On n'est donc pas du tout dans les mêmes ordres de grandeur. Quelles solutions apporter alors ? Si l'on voulait continuer dans la direction de la réduction des niches sociales, il faudrait s'attaquer cette fois à des exonérations touchant le pouvoir d'achat des catégories moyennes. Déjà la taxation des revenus mobiliers au premier euro va concerner comme on l'a vu 2 millions de contribuables. Le programme « financement » du PLFSS 2010 chiffre bien à 43,8 milliards d'euros le coût des exemptions d'assiette des cotisations sociales, mais ce chiffre impressionnant ne doit pas faire illusion. Beaucoup sont dues à des politiques économiques, et en particulier la nécessité de combler les effets des 35 heures. Le gouvernement se refuse en outre à remettre en cause celles de ces exemptions « qui visent à favoriser les dividendes du travail », autrement que par la création du forfait social de 4%. On peut le comprendre, encore que certaines mesures comme l'égalisation des cotisations des fonctionnaires avec celles du régime général (5 milliards d'euros d'après la Cour des comptes) seraient bienvenues. Mais prélever, par exemple, les cotisations sur les avantages gérés par les comités d'entreprise se révélerait certes parfaitement justifié mais politiquement pour le moins compliqué.

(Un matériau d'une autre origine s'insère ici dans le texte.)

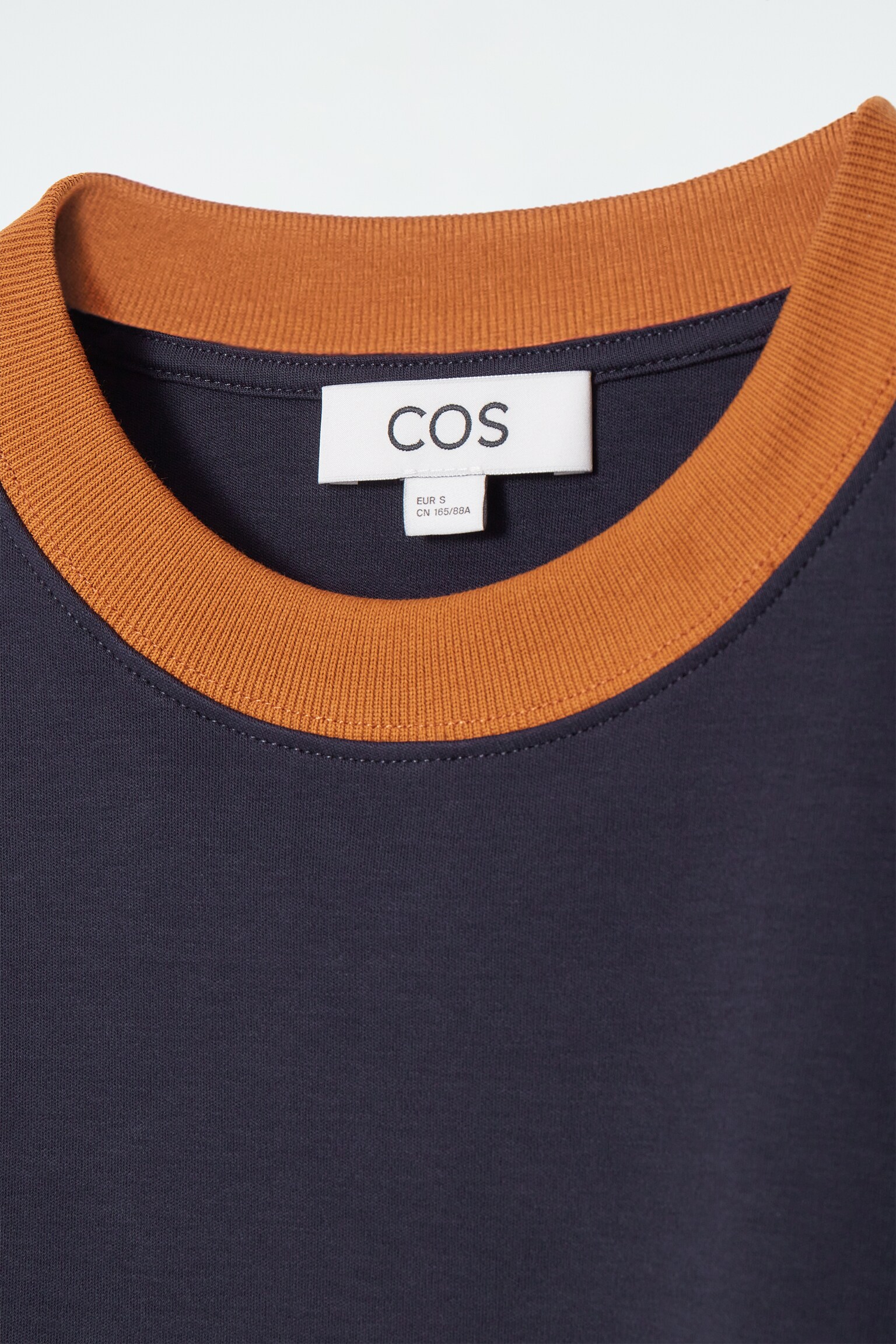 CLEAN CUT REGULAR T-SHIRT - NAVY / ORANGE/WHITE/black/GREY MARL/DARK BROWN/WHITE / BURGUNDY / STRIPED/KHAKI/PINK / NAVY/WHITE / BLACK/NAVY / STRIPED/NAVY/BLACK / GREEN / STRIPED/DARK RED/ORANGE / WHITE / STRIPED/LIGHT BEIGE/BLUE / STRIPED/NAVY / WHITE / STRIPED/PINK/BRIGHT BLUE/GREEN / ECRU/WHITE / BLACK / STRIPED/COBALT BLUE/CHARCOAL MÉLANGE/BLACK / STRIPED/BURGUNDY/RED/LIGHT PINK/MAROON/BEIGE / STRIPED/OLIVE GREEN/off-white / black/WHITE / ORANGE / STRIPED/OFF-WHITE / BURGUNDY/STEEL BLUE/KHAKI - 2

Au total, avec la réduction des dépenses, ce ne sont pas de nouvelles contributions qui permettront d'améliorer la situation, ni, sauf à la marge, la suppression des exonérations, mais bien l'augmentation de l'assiette des contributions existantes, c'est-à-dire l'augmentation des profits sur lesquels prélever ces contributions. Croissance et emploi restent les maîtres mots.

[1] Et ce contrairement aux affirmations du gouvernement quant à la non-aggravation de la fiscalité, qui ne reste vraie que pour l'impôt sur le revenu. Quant aux protestations de l'opposition motivées par le bouclier fiscal, elles tombent aussi et pour les mêmes raisons à côté de la vérité.